During one of the JHU Data Science Courses, the topic of grep and regex came up. I’ve had very little exposure to this very useful technique of searching for text, so I worked through a very nice Regex tutorial over at regexone.com. 16 self-paced lessons with plenty of interactive problems to test out your skills make this a highly recommended place to go.
Coursera – Data Analysis and Statistical Inference – I started this course in September and it wraps up at the end of November. But what an amazing course! Better than some college classes I paid thousands of dollars to take. It’s far from trivial, but definitely accessible to the non-calculus student.
Data Smart – Continuing my second pass through this book and actually working through all of the Excel examples is giving me a deep appreciation for what’s happening under the hood in some of these R functions. John Foreman works you through the theory and practical implementation in Excel of a number of the common Data Science techniques I’ve been reading about (K-means clustering, Optimization modeling, Network Graphs, etc). And after spending hours on the spreadsheet, only to learn you can get the same result with one line of R code… Well, that just means you’ve earned the right to use the R code. I’m halfway through this book and can’t recommend it more highly.
Coursera – Data Science at Scale Specialization – Lest you think I write this blog just to give a thumbs-up to everything, let me emphatically NOT endorse this specialization from University of Washington. This 3-course + Capstone project offering covers a lot of topics that aren’t in the other Data Science specialization from Johns Hopkins. The JHU specializations stays solely within the realm of R and focuses on the practical, beginner techniques of modern data analysis.
In looking at the subject matter from the Data Science at Scale specialization (MapReduce, Hadoop, Parallelization, etc) I thought it would be a nice complement to get a “big picture” view of the current state of technology.

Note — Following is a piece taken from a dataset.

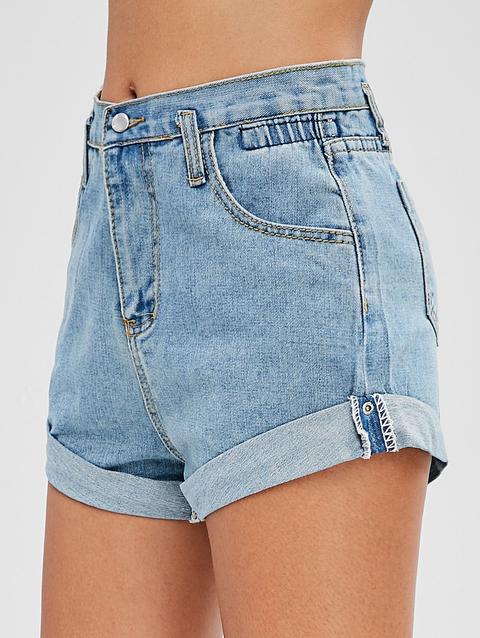 Shorts Con Risvolto In Denim A Vita Alta Denim Blue Denim Dark Blue Black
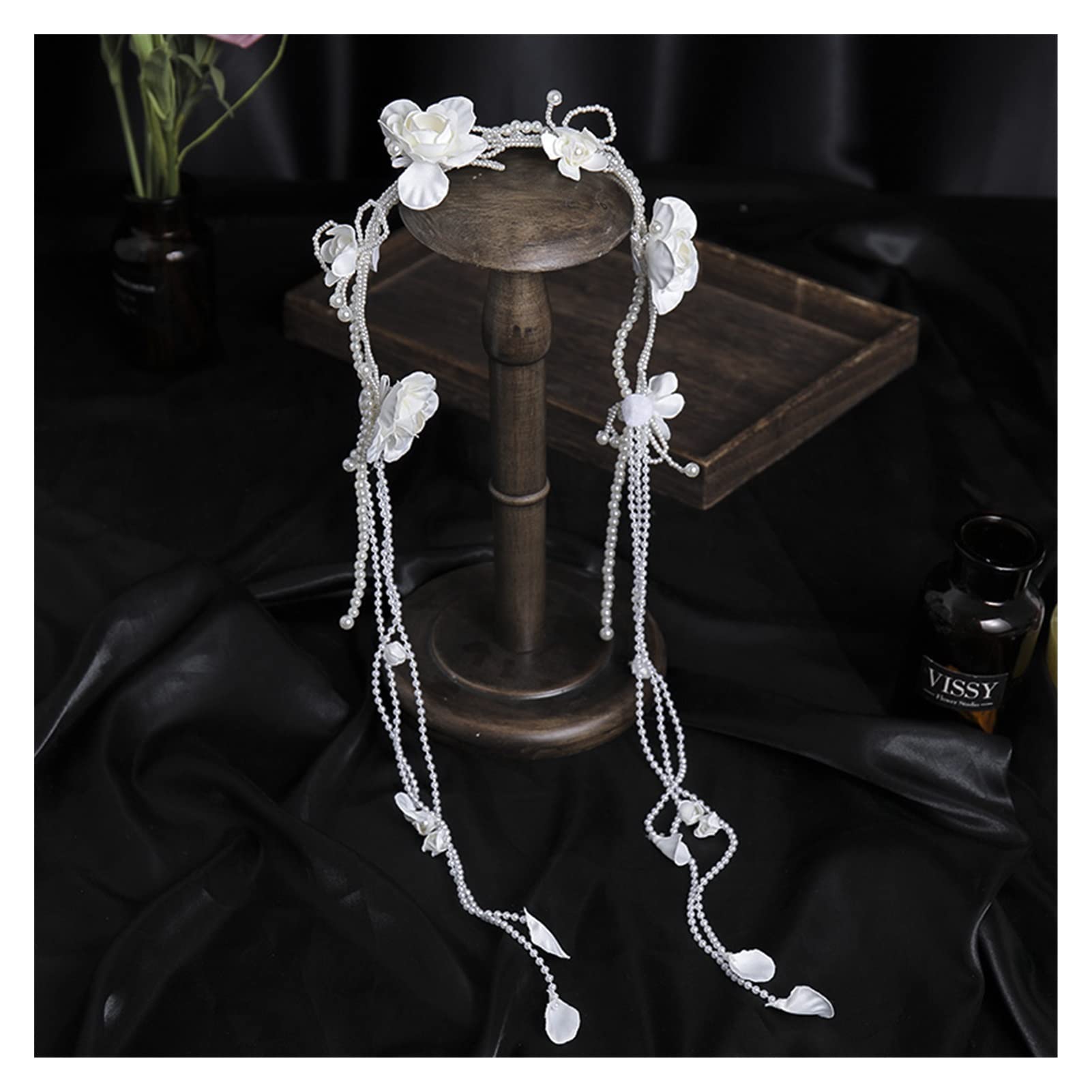 Girl Bride Flower Crown Hair Band Boda Floral Tadband Garland Flower Wreath Accesorios for el Cabello elástico Fiesta Boda (Metal Color : Silver)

What you get instead is a very sloppy, typo-ridden, outdated (videos are from 2013), disjointed set of video lectures from a professor who is obviously smart & well versed in the subject, but is a lousy educator. He represents the type of professor whose class you skip because you can learn more from the book than you can from him.
The exercises have minimal direct relevance to the lecture material and assume you already have proficiency in R, SQL and Python (which, fortunately, I do – but I highly empathized with those who didn’t).
In one of the online exercises, you are asked to randomize a set of data and then provide the mean of a particular variable in that data set. Well, common sense would tell you that every one is going to get a slightly different answer. But whoever set up the online assignment thought that only HIS answer could be correct and every student on the discussion forums reported they could not get this marked correctly. Unforgivable is the fact that there was no “community TA” patrolling the message boards looking for reported issues like I saw in all of the other Coursera offerings. This entire program seems… abandoned.
Don’t waste your money on this one.